第110話 君を取り戻す

「これって……」


 エレナとベルフェゴールが和解した直後。どういうわけかノームが向かった方向にて大爆発が起こった。嫌な予感がしたエレナはすぐさまそちらへ走り出す。そして、その先で──トカゲの化け物が、サラマンダーが、ピクリとも動かずに倒れているではないか。


「エレナ! 無事だったか!」

「ノーム、」


 シュトラールの兵士達が慌ただしく右往左往している中、エレナに気づいたノームがこちらへ駆け寄ってくる。ノームはエレナの背後にいるベルフェゴールに眉を顰めた。が、エレナが何も言わないので、すぐにそういうことだと理解してくれたようだ。それよりも、とエレナは不安げな瞳でノームとサラマンダーを交互に見る。サラマンダーの安否がとにかく気になったのだ。


「ノーム、サラマンダーは!」

「ひとまずまだ生きている。先ほど、突然サラマンダーの体が大爆発を起こしたのだ。原因は分からない。レブンとトゥエルに話を聞きたいのだが、今の彼らはとても話せる状態ではない」


 ノームが指した方を見ると、確かにぐったりと地面に横たわっているレブンとトゥエルがいた。彼らは二人とも苦しそうに息を弾ませ、時折吐血している。危険な状態なのはどう見ても明らかだった。エレナが傍にいたベルフェゴールを見る。双子が今どういう状態なのか、彼はきっと知っているだろうから。
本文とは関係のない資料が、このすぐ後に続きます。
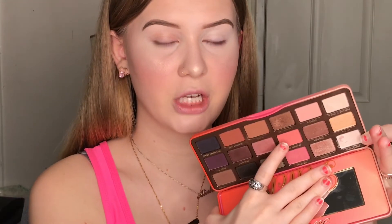For the eyes I am going to prime my eyelids with the ColourPop No Filter Concealer. Then I'm going to take the Too Faced Sweet Peach palette, take this shade, and buff that into my crease.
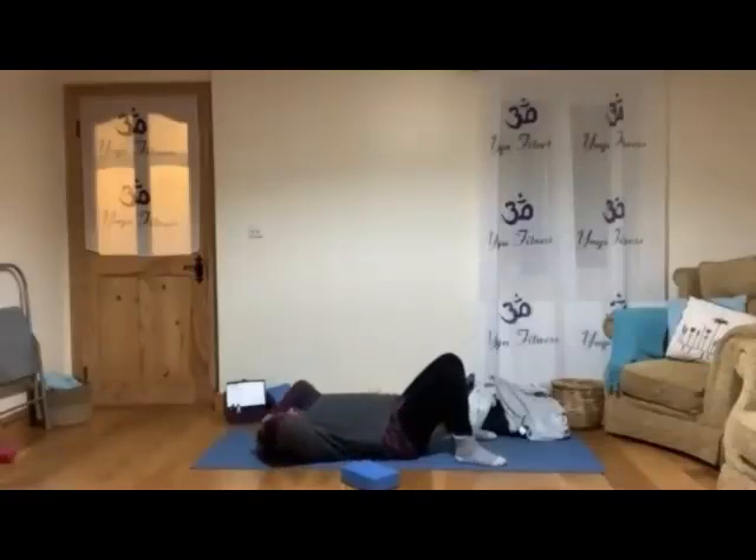Lengthen in the spine, bringing the chin towards the chest, nice and comfy.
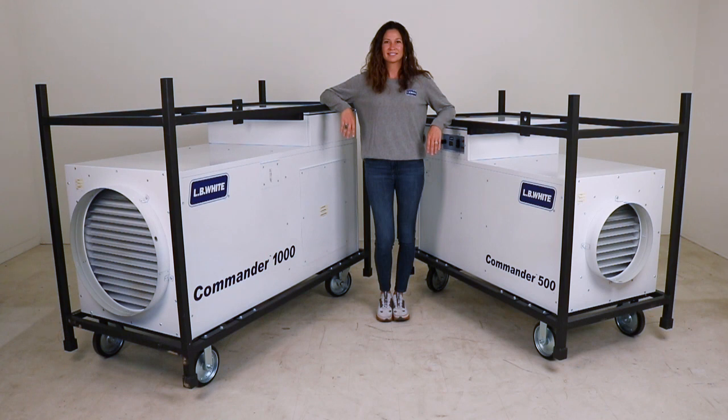Hello, Andy Burkowski, Marketing Product Manager from LB White. I'm thrilled to introduce our new line of makeup air units, the Commander Series.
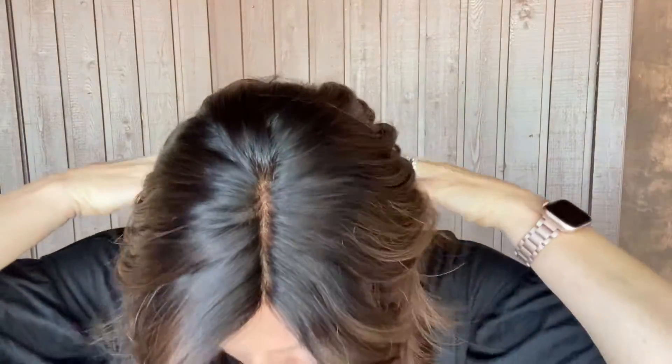Hey everybody, it's Rachel here with Gardo Wigs. Right now I have on a Gardo Premium Remy hair. This is a medium brown with some very dark rooting melting out to it.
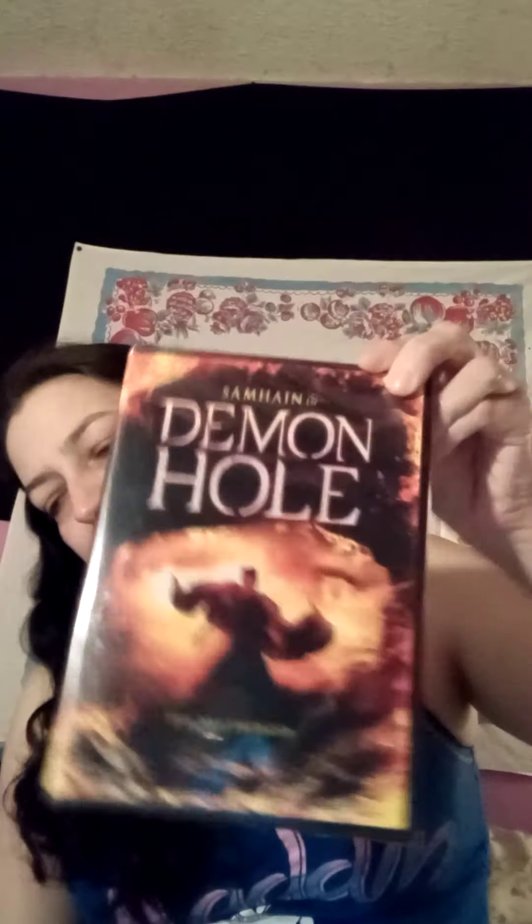I only got one movie — it's called Samhain in Demon Bowl — so I got a horror movie. I also got two metallic markers: the rose gold one and the blue one.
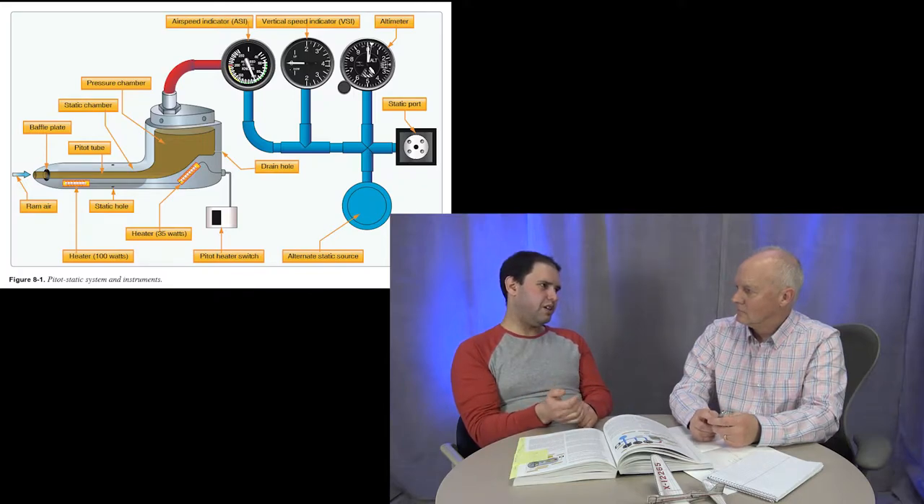The airspeed indicator is essentially a mechanical computer using gears. On the Chief, the static port is on the back of the pitot tube, close to it. Different airplanes mount them in different places. The Chief has a simple aluminum tube that sticks out from the strut on the wing — it looks like something you'd buy at the hardware store.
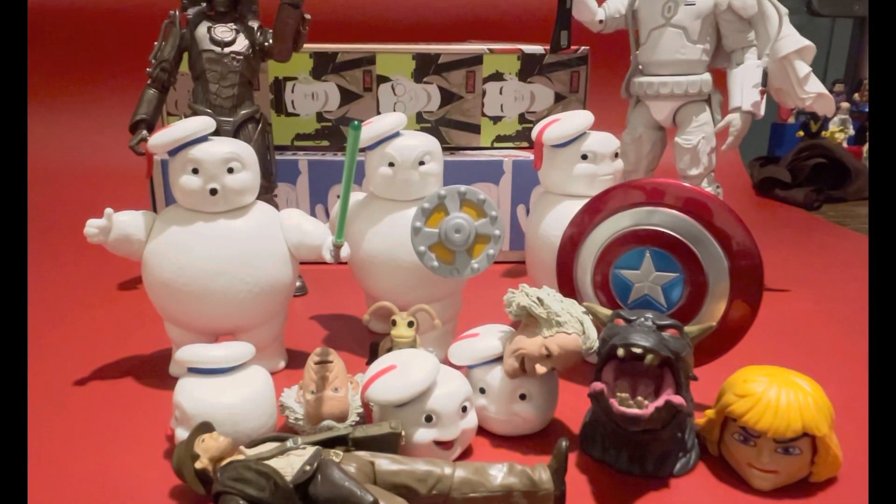And finally, here they are at their local comic-con, all cosplaying as their favourite heroes — it's kicked right off in there! So yeah, there's the Mini Puffs.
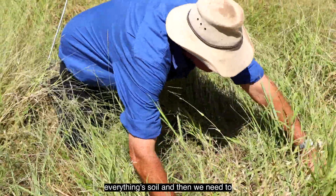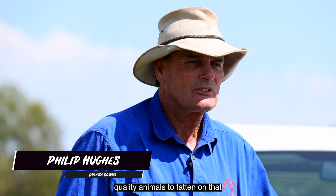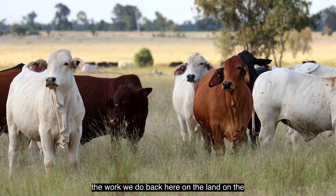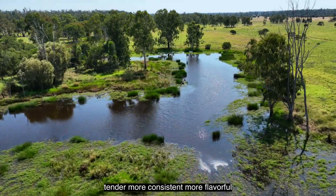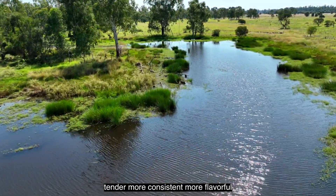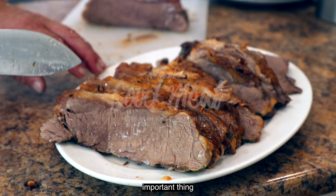Well it all starts with the soil. Everything's soil and then we need to hydrate that soil and then we get the quality animals to fatten on that. The work we do back here on the land, on the soil allows for a more tender, more consistent, more flavourful product, which you guarantee is needing quality at the other end, which is the most important thing.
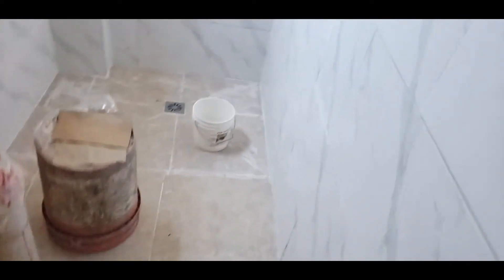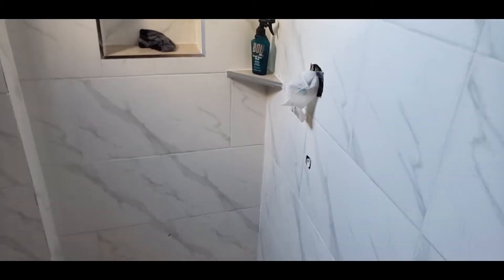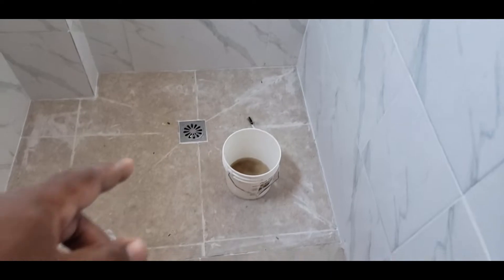Hello guys. Didn't get to do the video with the grout, but you know grout and silicone. I'm doing some cleaning on the floor, cleaned out here, fixtures leave.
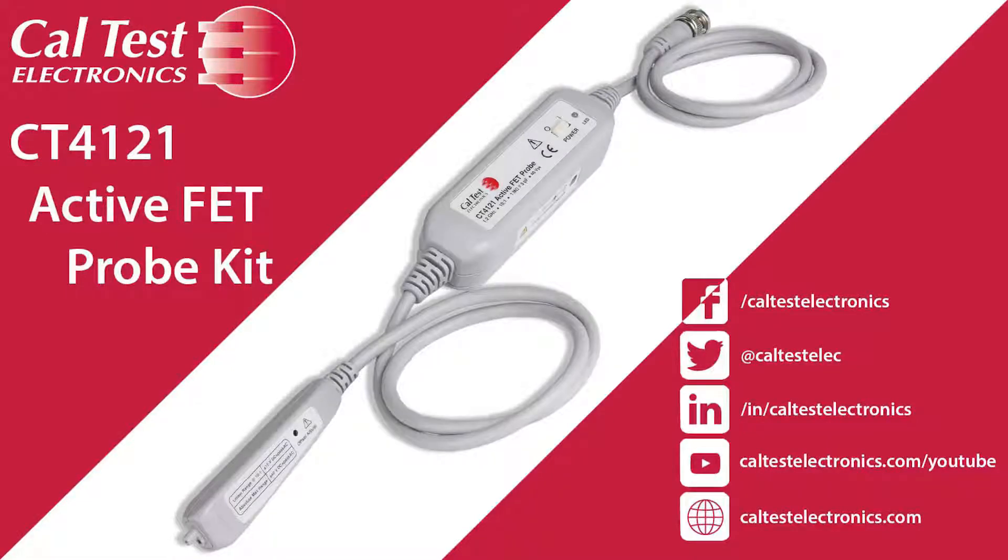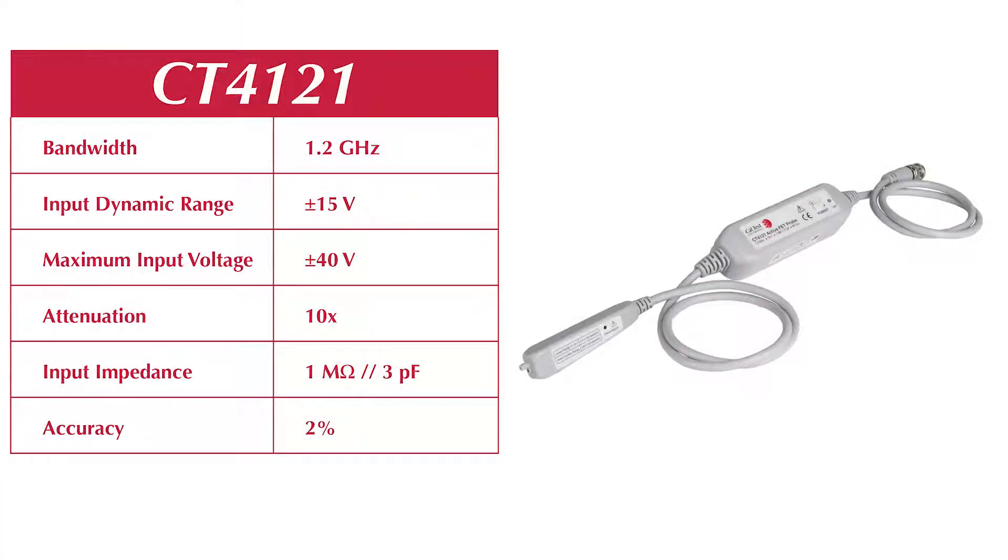CalTest Electronics introduces its new CT4121 active FET probe kit, extending the functionality of your general purpose oscilloscopes. This single-ended active probe features 1.2 gigahertz bandwidth and 1 megaohm input resistance.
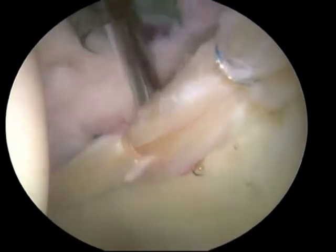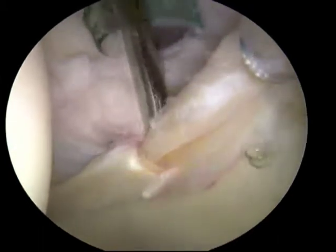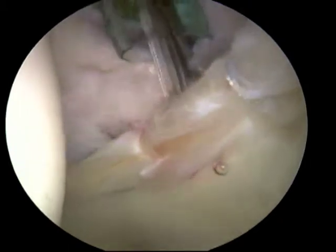Access to the labral tissue for repair can be accomplished with two or three portals, which are approximately one centimeter incisions that allow passage of the instrumentation and the camera.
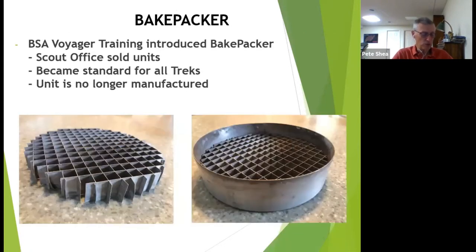These pictures represent the standard bakepacker which fits in a four-quart cooking pot. The bottom left picture shows the quarter-inch grid squares that fit in a retaining ring and rest at the bottom of the pot. The unit permits the food in the bag to be steam-cooked.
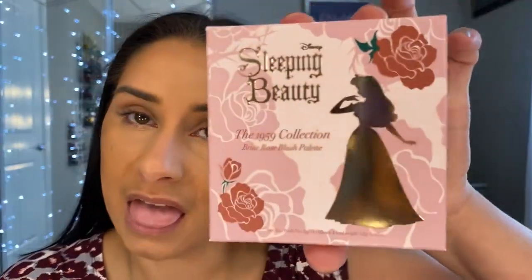Hello guys and welcome back to my channel. Today we are going to do this little beauty. I'm a little late to the game but I had to pick this up. This is the Sleeping Beauty 1959 Collection Briar Rose Blush Palette by Bisame. If you guys are not familiar with Bisame, you're missing out. They focus on vintage classic makeup. They did a collab with Disney and this is for Sleeping Beauty. I love most of the products I've ever received or gotten from Bisame.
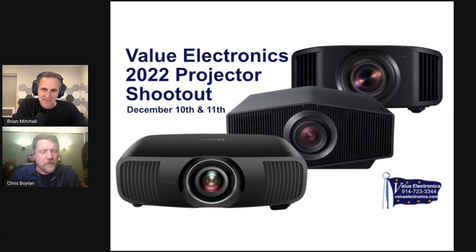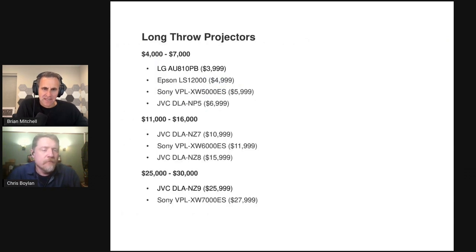Long throw projectors are what we typically think of as home theater projectors — also movie theater projectors. They have a long distance between the lens and the screen, which means at home they're probably going to be mounted on the ceiling or in the back of the room, as opposed to ultra short throw projectors mounted at the front of the room. Most hobbyists setting up a home theater would use this type of projector.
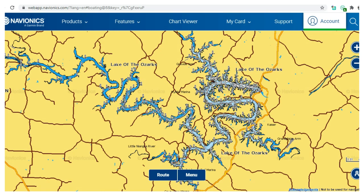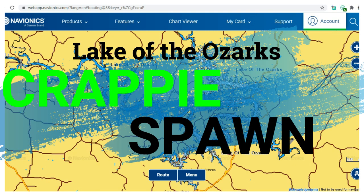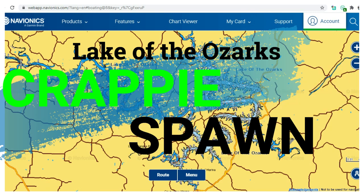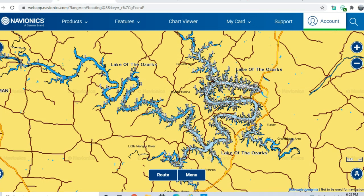Hey everybody, welcome back to another episode of In-Depth Angling Guide. We're going to be covering the actual spawning of crappie on Lake of the Ozarks. We do videos on pre-spawn, post-spawn, bass, catfish, white bass, walleye, and all those different runs these fish do on Lake of the Ozarks. If you don't want to miss any of that content, go down below and subscribe.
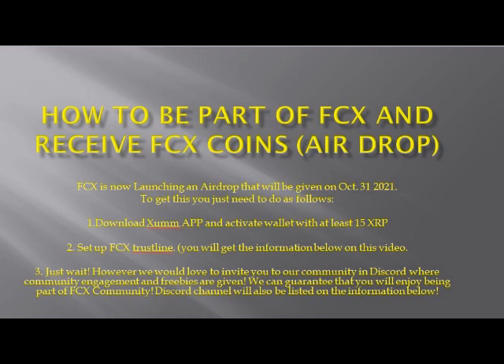First, download the Exum app and activate your wallet with at least 15 XRP. Second, set up the FCX Trustline — you will find the information in the description below this video. Third, just wait.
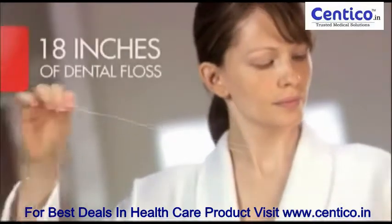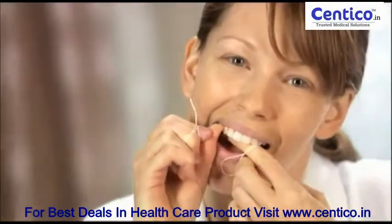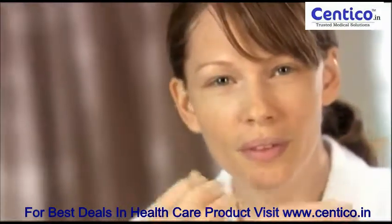Flossing is easy once you know how. All you need is about 18 inches of dental floss. Wrap it around your index fingers and leave 2 to 4 inches between your hands. Hold the floss tautly between your thumbs and your index fingers and gently slide it between teeth.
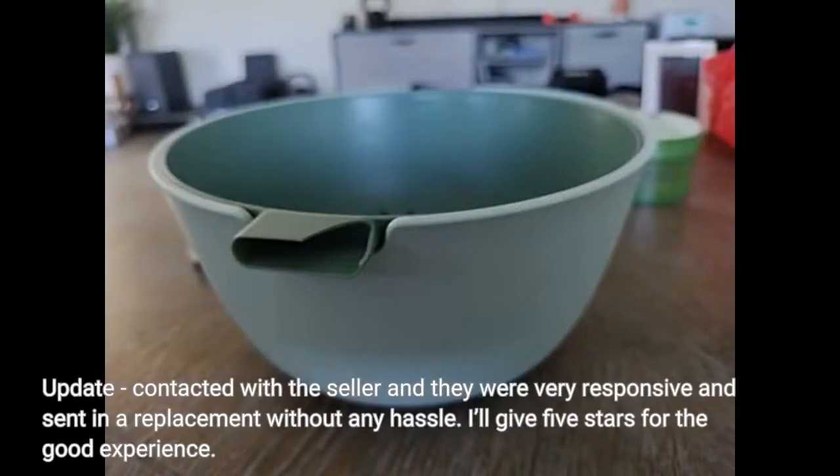Update: I contacted the seller and they were very responsive and sent a replacement without any hassle. I'll give 5 stars for the good experience.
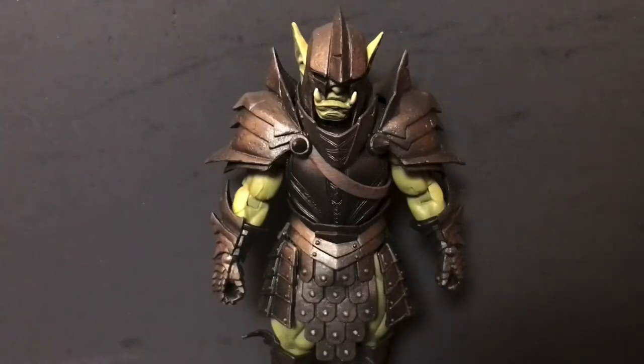Last but certainly not least, the Orc Legion Builder includes a pair of shoulder pauldrons — the larger, more aggressive-looking shoulder pads with spikes and little cracks and chips throughout them. They look really heavy metal, if I'm being quite honest. He also comes with the standard belt/strap piece we're used to seeing in the Mythic Legions line, which can store either of the two swords.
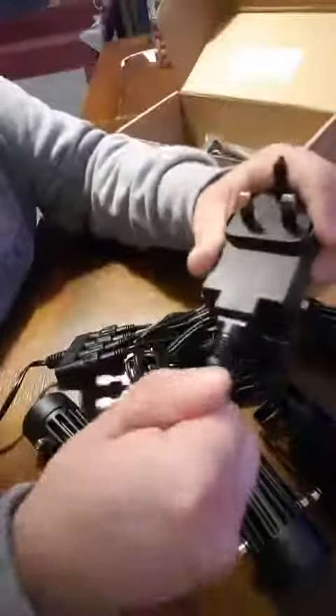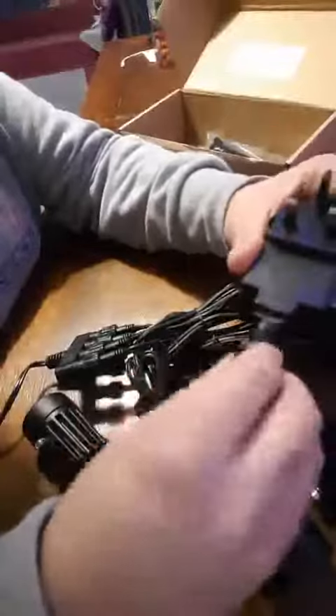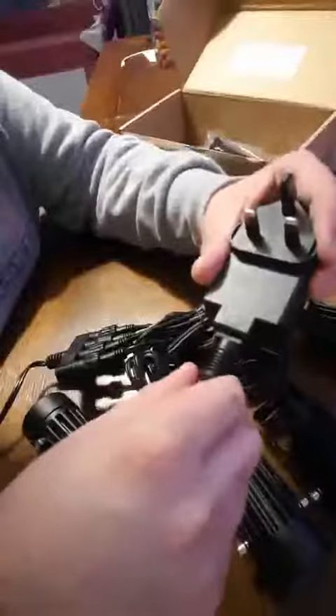If we just push that in there, then we can screw it on if you wish. But for now I'm just testing it, so I'm just going to plug this in and show you. I might just twist it on a little bit just to hold it still.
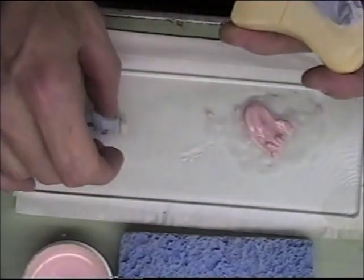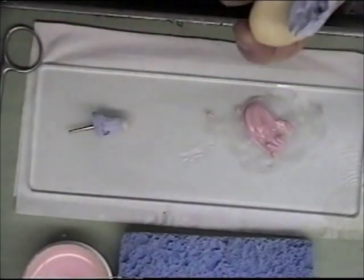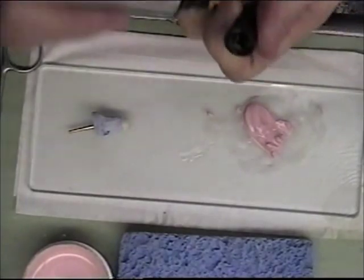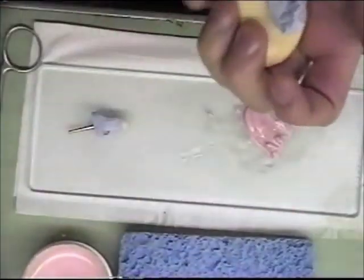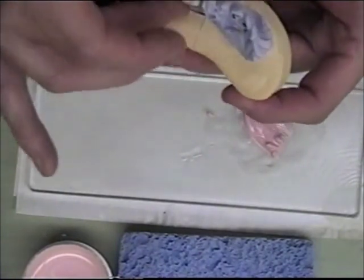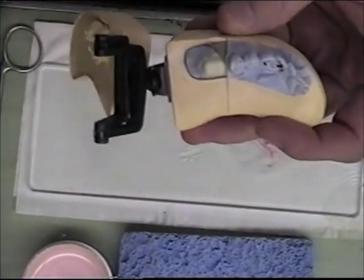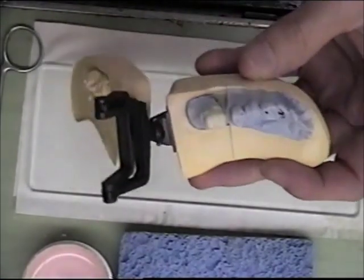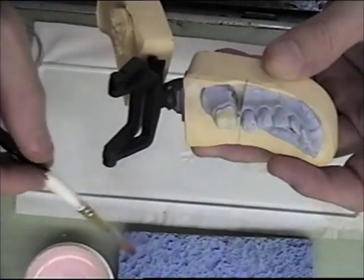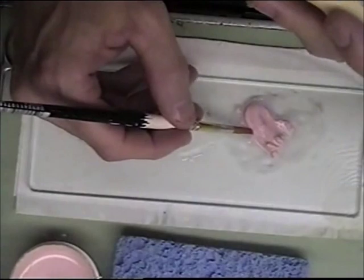I'm going to put a little sealer separator on the contact area of the adjacent tooth so that the porcelain does not stick to the model. I will use a brush for this buildup.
「今のレブンとトゥエルは吾輩の呪いによって無理矢理この世に繋ぎ止めている死者に過ぎません。吾輩が彼らをウロボロスの研究施設にて発見した時には既に虫の息でしたからね。……今の彼らは吾輩の呪いに耐えうる気力すらも尽きつつあると見えます。尤も、むしろよくここまで踏ん張ったと言っていいほどですが」

「っ、なら! 私の治癒魔法で二人を治癒する! サラマンダーはそれで楽になったって言っていたし!」

「残念ながらこればかりはエレナ様でも無理です。治癒してもウロボロスに犯されている限りは治癒魔法の魔力はウロボロスにほとんど吸われてしまいます。サラマンダー様は勇者の加護があったからこそ、ウロボロスの動きが抑制されていたにすぎません」

「っ、そんな……! じゃあ一体どうすればいいの! サラマンダーだって、救わないといけないのに!」


 するとベルフェゴールが屈み、レブンとトゥエルの額に優しく触れた。二人の顔がさらに苦痛に歪む。


「その場しのぎに過ぎませんが……吾輩がレブンとトゥエルに再度呪いを掛け、もう少し繋ぎ止めておきます。その内にエレナ様はひとまずサラマンダー様をザグレスの心臓から引き剥がすべきです。はっきり言って、こちらの二人よりもサラマンダー様の方が


 ベルフェゴールの言葉に石になるエレナ。その隣でノームも息を呑んだ。レブンとトゥエルは半ば死者だと言ったベルフェゴールが「サラマンダーの方がさらに危険な状態だ」と今はっきり言い放ったのだから、戸惑いもするだろう。


「──今のサラマンダー様はザグレスの心臓という聖遺物に飲み込まれています」


 ベルフェゴールが言うにはこうだ。ザグレスの心臓とはその名の通りザグレスという神の心臓である。ザグレスは巨人に十二回も殺されていながらも復活を遂げたという伝説から蘇生の象徴として神話に残されていた。そんなザグレスの心臓を移植させればどんな状態の者でも健康体として復活──それが例え死者であっても息を吹き返させることができるのだという。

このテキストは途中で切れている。